▸ **Task brief**:
Copy all lines in the data that contain the string "light".

[Short text fragments from websites]
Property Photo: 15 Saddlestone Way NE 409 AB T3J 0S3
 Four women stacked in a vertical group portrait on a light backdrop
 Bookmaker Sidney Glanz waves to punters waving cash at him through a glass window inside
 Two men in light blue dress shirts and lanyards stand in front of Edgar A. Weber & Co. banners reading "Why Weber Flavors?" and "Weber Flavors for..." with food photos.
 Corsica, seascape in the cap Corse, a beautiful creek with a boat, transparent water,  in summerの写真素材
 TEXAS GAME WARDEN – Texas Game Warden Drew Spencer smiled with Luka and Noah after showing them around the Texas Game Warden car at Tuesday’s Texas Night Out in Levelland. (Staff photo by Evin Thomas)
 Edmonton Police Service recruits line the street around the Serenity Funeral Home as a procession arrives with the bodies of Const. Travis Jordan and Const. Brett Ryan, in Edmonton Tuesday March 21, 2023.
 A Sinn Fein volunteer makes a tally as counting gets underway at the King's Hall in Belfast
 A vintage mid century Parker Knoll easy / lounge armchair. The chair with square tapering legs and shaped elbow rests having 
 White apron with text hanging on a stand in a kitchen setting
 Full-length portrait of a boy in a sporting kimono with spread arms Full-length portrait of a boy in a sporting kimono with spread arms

▸ **Answer box**:
 Four women stacked in a vertical group portrait on a light backdrop
 Two men in light blue dress shirts and lanyards stand in front of Edgar A. Weber & Co. banners reading "Why Weber Flavors?" and "Weber Flavors for..." with food photos.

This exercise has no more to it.